VALİLERİMİZ DÜN AKŞAM İTİBARİYLE TALİMATLANDIRILMIŞLARDI
Olayların bu kadar tırmanması ihtimalini gözettik ama ilk aşamada ihtiyaç hissedilen şey, insani yardımdı. Valilerimiz dün akşam itibariyle talimatlandırılmışlardı. Her türlü ihtiyaçların giderilmesi için, bugün iki saat kadar önce yoğun bir talep olması, yoğun bir göç dalgası olabileceği ihtimali ortaya çıktığında, yakalaşık dört bin kişilik Suriyeli kardeşimizin sınıra dayandığı bilgisi gelince biraz önce hem İçişleri Bakanımızla konuştum, hem de AFAD'dan Sorumlu Başbakan Yardımcımız Numan Bey'le bu haberler gelir gelmez, bir buçuk saat önce görüştük ve gerekli talimatları verdik. Şimdiye kadar olduğu gibi bundan sonra da, Suriye'den ya da herhangi bir ülkeden, ölüm karşısında sığınacak bir yer olarak Anadolu'yu gören kardeşlerimiz sınırımıza geldiğinde etnik ve mezhebi ayrımı gözetmeden hepsini alıyor, alacağız. Şu anda da bu girişler başladı. Tabii çok ani bir gelişme olduğu için süratle arkadaşlarımız organize olmaya çalışıyorlar.
HİÇBİR ETNİK YA DA MEZHEBİ AYRIM GÖZETMEYİZ
Bu kardeşlerimiz en kısa sürede yerleştirilecekler ve ihtiyaçları karşılanacak.
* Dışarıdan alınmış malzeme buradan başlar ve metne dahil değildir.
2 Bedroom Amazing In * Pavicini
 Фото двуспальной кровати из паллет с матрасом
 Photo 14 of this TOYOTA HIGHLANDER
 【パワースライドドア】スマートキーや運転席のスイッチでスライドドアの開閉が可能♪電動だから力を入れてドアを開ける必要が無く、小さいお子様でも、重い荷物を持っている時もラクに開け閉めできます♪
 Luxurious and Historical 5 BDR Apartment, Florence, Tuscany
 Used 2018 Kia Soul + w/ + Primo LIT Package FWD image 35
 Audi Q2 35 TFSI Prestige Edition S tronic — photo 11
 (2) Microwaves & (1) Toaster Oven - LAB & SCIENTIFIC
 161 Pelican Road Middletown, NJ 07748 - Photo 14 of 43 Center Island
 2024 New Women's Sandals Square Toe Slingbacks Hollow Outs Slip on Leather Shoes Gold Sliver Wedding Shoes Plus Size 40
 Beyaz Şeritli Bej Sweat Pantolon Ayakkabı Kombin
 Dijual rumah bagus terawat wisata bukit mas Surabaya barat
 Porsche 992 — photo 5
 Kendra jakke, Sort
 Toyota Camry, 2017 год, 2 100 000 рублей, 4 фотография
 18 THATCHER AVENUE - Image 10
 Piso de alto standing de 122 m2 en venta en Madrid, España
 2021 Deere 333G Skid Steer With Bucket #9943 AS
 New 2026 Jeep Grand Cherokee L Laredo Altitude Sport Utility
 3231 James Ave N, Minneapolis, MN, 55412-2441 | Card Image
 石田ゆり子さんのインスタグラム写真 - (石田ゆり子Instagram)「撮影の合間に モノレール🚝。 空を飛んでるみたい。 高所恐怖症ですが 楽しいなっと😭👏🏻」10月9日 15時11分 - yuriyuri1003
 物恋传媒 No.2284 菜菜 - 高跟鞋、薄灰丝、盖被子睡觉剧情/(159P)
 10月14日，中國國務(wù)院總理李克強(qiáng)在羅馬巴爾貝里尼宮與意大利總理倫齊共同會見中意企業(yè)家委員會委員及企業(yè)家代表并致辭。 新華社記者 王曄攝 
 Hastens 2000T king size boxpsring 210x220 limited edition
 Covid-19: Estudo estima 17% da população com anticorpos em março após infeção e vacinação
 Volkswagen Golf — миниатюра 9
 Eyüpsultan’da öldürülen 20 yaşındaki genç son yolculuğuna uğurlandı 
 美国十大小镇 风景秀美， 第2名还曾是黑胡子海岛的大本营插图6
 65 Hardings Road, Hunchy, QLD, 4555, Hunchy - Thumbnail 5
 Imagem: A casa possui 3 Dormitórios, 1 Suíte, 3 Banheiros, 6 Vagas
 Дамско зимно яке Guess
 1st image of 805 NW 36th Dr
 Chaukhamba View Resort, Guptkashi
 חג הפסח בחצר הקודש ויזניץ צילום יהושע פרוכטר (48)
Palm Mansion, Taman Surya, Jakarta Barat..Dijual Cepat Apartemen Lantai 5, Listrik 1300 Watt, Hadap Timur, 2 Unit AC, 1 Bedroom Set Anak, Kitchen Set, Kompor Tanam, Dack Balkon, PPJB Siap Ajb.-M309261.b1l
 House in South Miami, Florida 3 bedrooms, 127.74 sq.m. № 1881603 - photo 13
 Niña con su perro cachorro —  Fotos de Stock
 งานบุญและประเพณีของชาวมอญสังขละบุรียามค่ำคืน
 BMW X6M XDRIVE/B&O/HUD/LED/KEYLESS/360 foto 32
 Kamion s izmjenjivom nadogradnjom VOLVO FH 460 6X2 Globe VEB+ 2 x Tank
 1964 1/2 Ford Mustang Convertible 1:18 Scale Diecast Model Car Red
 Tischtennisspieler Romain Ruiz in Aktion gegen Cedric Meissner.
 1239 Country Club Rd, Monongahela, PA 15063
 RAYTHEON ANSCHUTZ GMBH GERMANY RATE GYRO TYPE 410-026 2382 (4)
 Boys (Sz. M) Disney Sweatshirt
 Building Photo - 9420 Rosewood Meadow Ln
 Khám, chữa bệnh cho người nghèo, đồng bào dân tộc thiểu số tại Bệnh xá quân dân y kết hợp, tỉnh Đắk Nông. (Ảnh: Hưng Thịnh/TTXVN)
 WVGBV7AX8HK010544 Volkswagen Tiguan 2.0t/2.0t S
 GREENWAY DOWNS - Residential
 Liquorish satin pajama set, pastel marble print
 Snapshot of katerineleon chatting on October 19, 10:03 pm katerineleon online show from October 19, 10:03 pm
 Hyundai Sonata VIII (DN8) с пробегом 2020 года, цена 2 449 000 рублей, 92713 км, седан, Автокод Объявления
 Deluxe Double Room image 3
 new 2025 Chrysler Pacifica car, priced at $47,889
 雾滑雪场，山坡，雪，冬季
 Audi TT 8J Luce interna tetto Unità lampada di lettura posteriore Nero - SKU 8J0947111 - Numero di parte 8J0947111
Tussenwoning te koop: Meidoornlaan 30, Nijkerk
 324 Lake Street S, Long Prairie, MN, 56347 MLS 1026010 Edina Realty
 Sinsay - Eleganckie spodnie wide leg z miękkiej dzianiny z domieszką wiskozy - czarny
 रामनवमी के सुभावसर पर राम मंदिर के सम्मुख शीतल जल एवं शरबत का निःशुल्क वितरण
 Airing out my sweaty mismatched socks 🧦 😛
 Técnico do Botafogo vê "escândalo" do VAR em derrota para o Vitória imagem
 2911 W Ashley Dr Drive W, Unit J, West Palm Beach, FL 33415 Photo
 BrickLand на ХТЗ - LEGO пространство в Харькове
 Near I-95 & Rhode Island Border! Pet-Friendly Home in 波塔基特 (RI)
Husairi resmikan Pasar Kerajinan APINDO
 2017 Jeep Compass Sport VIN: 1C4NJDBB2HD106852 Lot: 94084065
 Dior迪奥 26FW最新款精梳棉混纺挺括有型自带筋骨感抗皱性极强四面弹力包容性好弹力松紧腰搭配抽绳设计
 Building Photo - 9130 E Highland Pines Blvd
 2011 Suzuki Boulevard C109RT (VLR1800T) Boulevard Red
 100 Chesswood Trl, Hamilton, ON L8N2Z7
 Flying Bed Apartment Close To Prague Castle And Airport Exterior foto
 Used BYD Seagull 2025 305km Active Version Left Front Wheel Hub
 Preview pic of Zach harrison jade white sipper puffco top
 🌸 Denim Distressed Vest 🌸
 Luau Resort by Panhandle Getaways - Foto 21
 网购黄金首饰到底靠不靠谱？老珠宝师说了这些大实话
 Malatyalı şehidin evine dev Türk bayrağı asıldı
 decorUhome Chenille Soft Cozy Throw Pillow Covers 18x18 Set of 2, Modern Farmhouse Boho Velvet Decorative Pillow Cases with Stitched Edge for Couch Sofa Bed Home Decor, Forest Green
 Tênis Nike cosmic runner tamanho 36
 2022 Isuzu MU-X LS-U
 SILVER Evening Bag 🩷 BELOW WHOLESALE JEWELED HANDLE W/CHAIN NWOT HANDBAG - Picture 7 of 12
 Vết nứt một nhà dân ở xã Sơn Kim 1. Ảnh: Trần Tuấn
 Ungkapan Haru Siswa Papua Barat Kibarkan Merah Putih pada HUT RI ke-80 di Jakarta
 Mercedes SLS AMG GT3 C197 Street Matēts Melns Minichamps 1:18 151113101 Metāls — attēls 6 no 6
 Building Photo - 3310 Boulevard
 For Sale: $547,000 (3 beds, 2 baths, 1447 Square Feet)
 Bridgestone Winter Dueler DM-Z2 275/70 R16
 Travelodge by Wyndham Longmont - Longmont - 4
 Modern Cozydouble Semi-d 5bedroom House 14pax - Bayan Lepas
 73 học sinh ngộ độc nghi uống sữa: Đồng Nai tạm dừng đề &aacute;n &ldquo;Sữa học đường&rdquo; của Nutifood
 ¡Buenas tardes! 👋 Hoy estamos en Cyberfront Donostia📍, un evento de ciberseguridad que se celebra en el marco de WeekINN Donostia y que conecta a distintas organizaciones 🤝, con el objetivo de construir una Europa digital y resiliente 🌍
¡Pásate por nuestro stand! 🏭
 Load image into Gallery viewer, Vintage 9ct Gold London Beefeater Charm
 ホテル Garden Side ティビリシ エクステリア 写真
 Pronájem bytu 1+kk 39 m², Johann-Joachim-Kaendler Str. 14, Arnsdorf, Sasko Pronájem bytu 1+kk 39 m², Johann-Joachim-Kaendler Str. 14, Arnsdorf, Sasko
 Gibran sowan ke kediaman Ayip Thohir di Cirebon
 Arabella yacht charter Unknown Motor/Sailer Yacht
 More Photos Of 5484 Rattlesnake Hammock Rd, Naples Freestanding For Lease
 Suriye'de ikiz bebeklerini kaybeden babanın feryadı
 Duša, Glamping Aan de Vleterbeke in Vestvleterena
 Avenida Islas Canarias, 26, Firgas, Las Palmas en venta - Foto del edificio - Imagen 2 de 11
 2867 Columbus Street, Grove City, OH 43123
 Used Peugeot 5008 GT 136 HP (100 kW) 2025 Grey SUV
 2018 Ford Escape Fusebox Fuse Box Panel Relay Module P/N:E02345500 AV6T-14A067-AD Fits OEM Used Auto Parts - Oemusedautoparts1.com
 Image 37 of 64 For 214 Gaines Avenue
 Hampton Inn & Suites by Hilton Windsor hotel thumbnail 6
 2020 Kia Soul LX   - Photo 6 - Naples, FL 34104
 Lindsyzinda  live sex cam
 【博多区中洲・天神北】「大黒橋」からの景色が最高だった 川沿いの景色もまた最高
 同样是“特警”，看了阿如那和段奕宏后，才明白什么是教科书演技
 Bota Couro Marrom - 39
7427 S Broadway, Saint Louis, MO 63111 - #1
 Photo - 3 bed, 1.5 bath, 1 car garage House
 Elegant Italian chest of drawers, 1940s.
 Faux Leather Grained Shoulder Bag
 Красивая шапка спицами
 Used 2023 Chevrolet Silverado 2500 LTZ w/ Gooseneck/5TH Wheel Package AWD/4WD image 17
Hiç kimsenin bu konuda tereddüdü olmasın. Türkiye var oldukça ve güçlü oldukça kudretli oldukça ve elinde kapasite oldukça, kendisine sığınan herkese elindeki imkanlarla yardımcı olacaktır. Burada da hiçbir etnik ya da mezhebi ayrım gözetmeyiz. Ama tabii birinci önceliğimiz her zaman, Suriyeli kardeşlerimizin kendi topraklarında ihtiyaçlarının karşılanması. O imkan ortadan kalktığı anda biz elimizden gelen yardımı yaparız. Ve bu dört bin kardeşimiz -şu an itibariyle bana gelen rakam bu, artabilir - ihtiyaçları karşılacanacak, ülkemizde ağırlanacaklar. Bu da şunu gösreriyor. Şimdiye kadar bizim mülteciler politikamızı eleştirenlerin insani olarak ne kadar zaaf içinde olduğunu da ortaya koyuruyor. Bizim Suriyeli kardeşlerimize kucak açmamız tarihi bir görevdir, insani bir görevdir. Eminim ileride bu günleri yazacak olanlar bunu insanlık adına, tarihimize altın bir sayfa olarak yazacaklardır. Allah devletimize ve milletimize güç versin ki, bize sığınana herkese el uzatabilelim ve onlara yardımcı olabilelim. Bu talimatlar verildi ve gereken yapılacak."